You don't say what your motivating application is. It would be more effective to sample without replacement, but maybe that is not an option. You also suggest that you might be willing to limit the maximum number of times the most frequent item occurs. I think a lower bound on the least frequent color might be more helpful (equivalently, posit that anything below a certain relative frequency is an "anomaly" and does not count).  I am just going to assume that a puzzle-master, unknown to us, has put $n$ colored balls in a bag according to some private scheme she made up. We sample $s$ times with replacement and must draw conclusions as best we can. I will assume that $n$ is known.

I think that you don't find a good match with species richness because you are not asking the right questions. What you can say something about is the possible frequency of the colors you have already seen. Indirectly that tells you something about the number of colors, but very little. 

Do a thought experiment about various outcomes and what you can conclude. Suppose first that as you keep drawing (then replacing) balls they are all green. You can say that there seem to be lots of green balls. You can say "With $95\%$ confidence the number of green balls is at least $m=m(n,s)$" , equivalently the number of non-green balls is estimated to be no more than $n-m.$ However I do not think that you can make any conclusion about their colors. Even if you get a hint: " There are at least $q$ balls which are not green and they are either all the same color or else each has a color unique to itself" I do not think you have any way of saying which is more likely. And with no hint the only change is that perhaps $q=0$.

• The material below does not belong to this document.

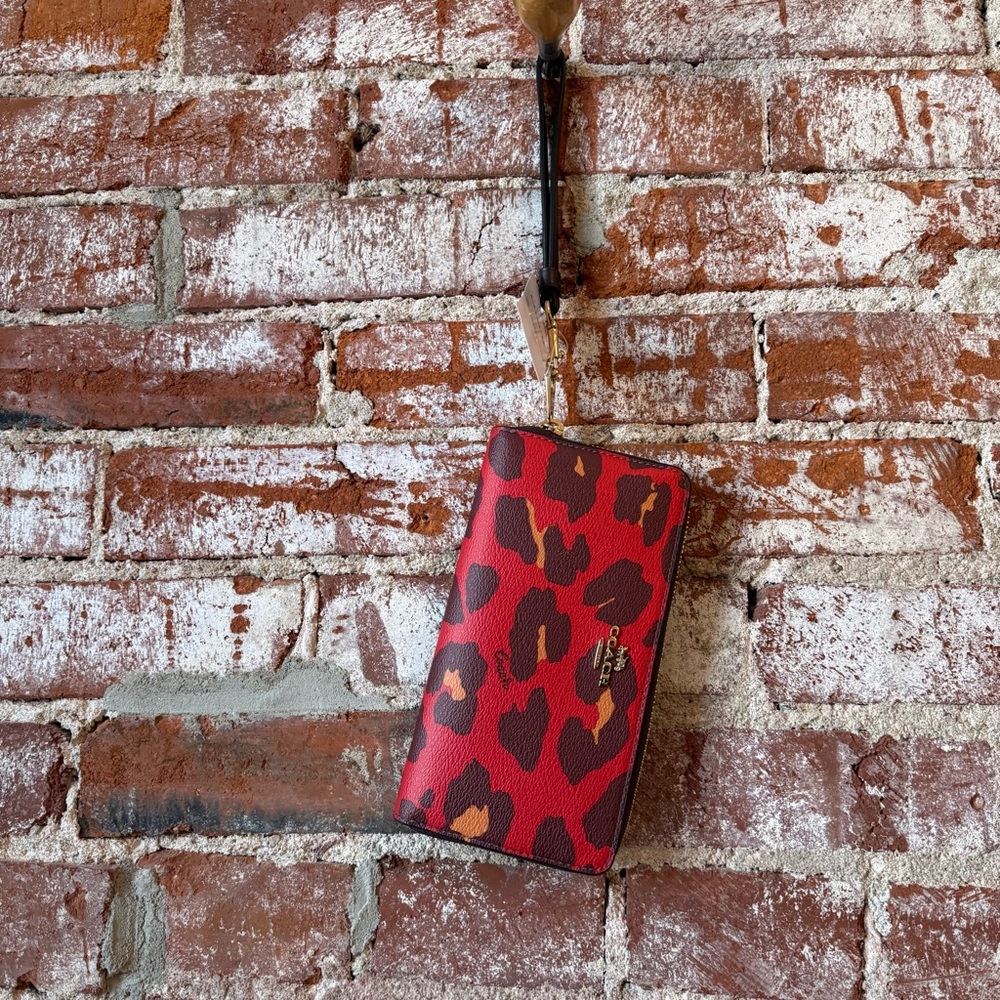 Coach Long Zip Around Wallet In Bright Poppy Leopard Print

I don't think that a limit such as "no color occurs more than one third of the time" will help. Suppose instead that (for a not too small $s$) the balls come out "red, white, blue, yellow, pink" with frequencies roughly $2:2:2:1:1$. Then you can say "With $95\%$ confidence the number of red,white,blue,yellow and pink balls" balls is at least $m$" for the same $m=m(n,s)$ as in the all green scenario. AND you can say that whatever the number of balls of those five colors the frequencies will be roughly 1/4,1/4,1/4,1/8,1/8. But you are no better of on the question of how many unseen colors might there be.

I am less confident what one might say in the $2:2:2:1:1$ scenario above if along the way you say a single black ball, but I do not think that you could say much. 

Another extreme is if you have made a reasonable number of samples and never seen the same color twice. Would that occur in your application? Then you might be able to say with some confidence that few, if any, colors repeat. Then you could (I would think) answer the "more than x colors" question as likely having seen many less than $x$ balls.